Home News Twitter’s Case in India Could Have Massive Ripple Effects

Twitter’s Case in India Could Have Massive Ripple Effects


Twitter in June Received an ultimatum from the Indian government to remove around 39 accounts and content from its platform. Sources familiar with the order said it outlined that Twitter’s chief compliance officer could face criminal proceedings if it refused to comply. They said it also said the company would lose its “safe harbor” protection, meaning it would no longer be protected and not liable for content created by its users. This is an escalation of a series of “blocking orders” or content removal orders issued by India’s Ministry of Electronics and Information Technology, increased Significant increase over the past 18 months.

Last week, Twitter responded: It will take the Indian government to court.

While the controversy itself concerns only specific accounts and pieces of content, experts told WIRED that the outcome could have significant ramifications and serve as “a weather vane for this ongoing battle over internet freedom,” said Allie Funk, director of technology and democracy research.
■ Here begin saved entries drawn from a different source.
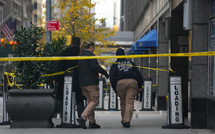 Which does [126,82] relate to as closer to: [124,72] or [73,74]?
[124,72]

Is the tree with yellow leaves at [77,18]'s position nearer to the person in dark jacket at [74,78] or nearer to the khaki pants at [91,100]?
the person in dark jacket at [74,78]

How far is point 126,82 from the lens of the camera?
10.9m

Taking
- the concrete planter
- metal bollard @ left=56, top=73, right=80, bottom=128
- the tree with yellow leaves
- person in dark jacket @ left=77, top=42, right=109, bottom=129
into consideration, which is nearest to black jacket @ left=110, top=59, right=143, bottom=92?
person in dark jacket @ left=77, top=42, right=109, bottom=129

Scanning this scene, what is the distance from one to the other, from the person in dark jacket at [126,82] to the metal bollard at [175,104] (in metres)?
0.83

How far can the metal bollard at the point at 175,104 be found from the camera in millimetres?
10453

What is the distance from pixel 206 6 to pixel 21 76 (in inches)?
174

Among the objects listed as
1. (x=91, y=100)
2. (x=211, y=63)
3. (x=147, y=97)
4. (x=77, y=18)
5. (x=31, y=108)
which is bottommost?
(x=147, y=97)

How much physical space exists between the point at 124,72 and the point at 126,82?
0.22m

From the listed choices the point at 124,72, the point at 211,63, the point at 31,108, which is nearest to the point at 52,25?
the point at 124,72

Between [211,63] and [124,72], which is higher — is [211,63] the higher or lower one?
the higher one

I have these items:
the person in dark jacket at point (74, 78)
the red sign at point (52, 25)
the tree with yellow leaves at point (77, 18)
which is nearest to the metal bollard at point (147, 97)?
the red sign at point (52, 25)

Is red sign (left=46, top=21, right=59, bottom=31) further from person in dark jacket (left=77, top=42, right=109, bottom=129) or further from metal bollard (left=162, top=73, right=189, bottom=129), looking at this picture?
metal bollard (left=162, top=73, right=189, bottom=129)

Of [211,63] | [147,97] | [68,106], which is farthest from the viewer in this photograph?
[147,97]

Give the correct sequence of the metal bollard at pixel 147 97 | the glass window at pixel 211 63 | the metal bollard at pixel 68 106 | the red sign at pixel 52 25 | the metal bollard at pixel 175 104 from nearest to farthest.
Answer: the glass window at pixel 211 63
the metal bollard at pixel 175 104
the metal bollard at pixel 68 106
the metal bollard at pixel 147 97
the red sign at pixel 52 25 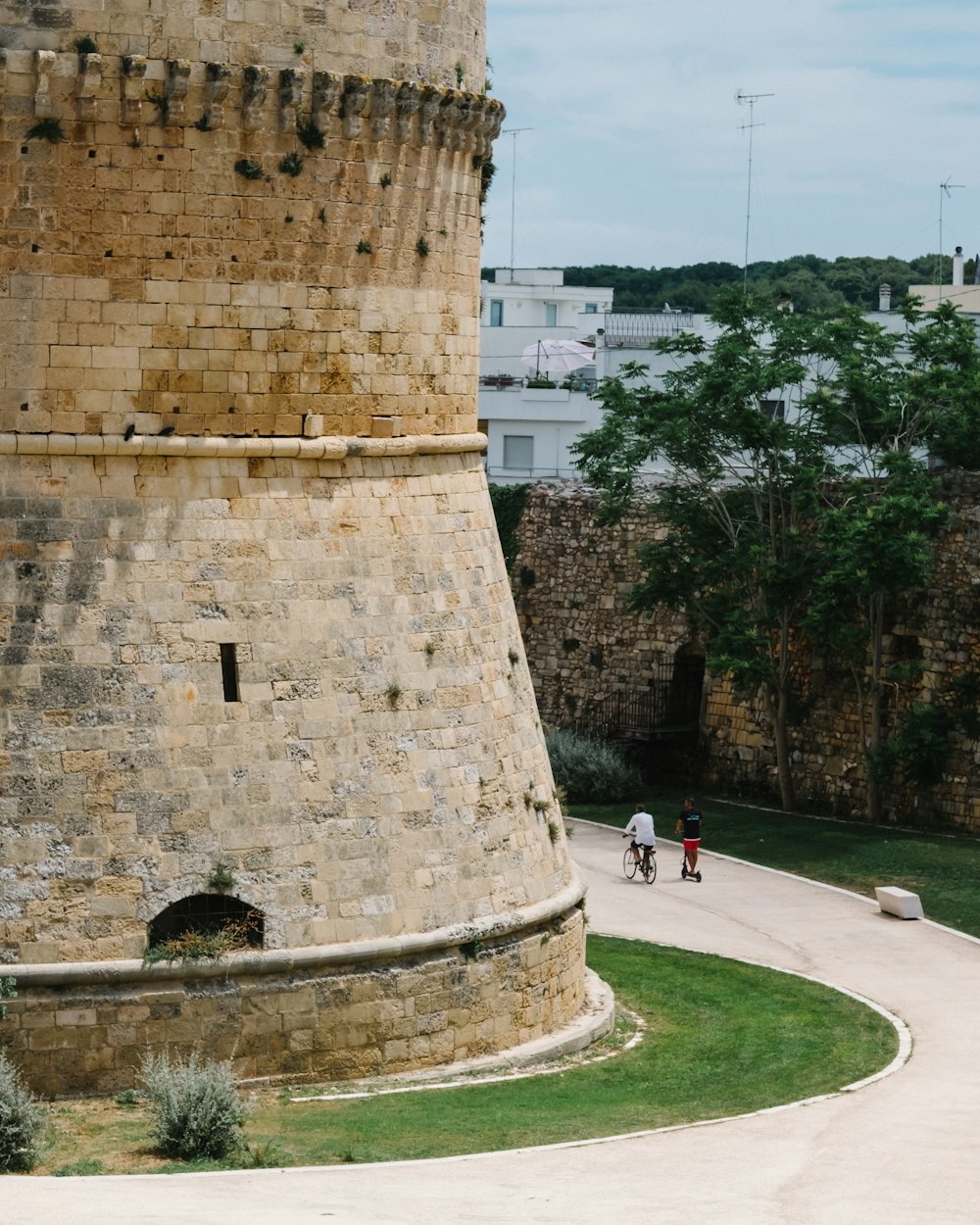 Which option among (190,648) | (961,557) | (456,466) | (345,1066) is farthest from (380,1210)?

Said at Liberty House.

Twitter’s lawsuit specifically focuses on Section 69A of India’s Information Technology Act. A law passed in 2000 allows the government to issue a blocking order requiring an intermediary (Twitter in this case) to remove content the government believes poses a risk to India’s security or sovereignty. The court filing has not been made public, but it claims the government’s demands were excessive, sometimes targeting entire accounts, according to sources familiar with the filing.

Jason Pielemeier, executive director of the Global Web Initiative, said Twitter’s lawsuit has implications beyond social media platforms. “This will affect all intermediaries,” he said. “Intermediaries as defined by Indian law include mobile network operators and ISPs. So it really applies to everyone who could be seen as a bottleneck for content restrictions or censorship.” If Twitter loses in court, it could censor the entire Media on websites and streaming platforms like Netflix or Amazon Prime opens the way and makes it harder for platforms and companies to fight back.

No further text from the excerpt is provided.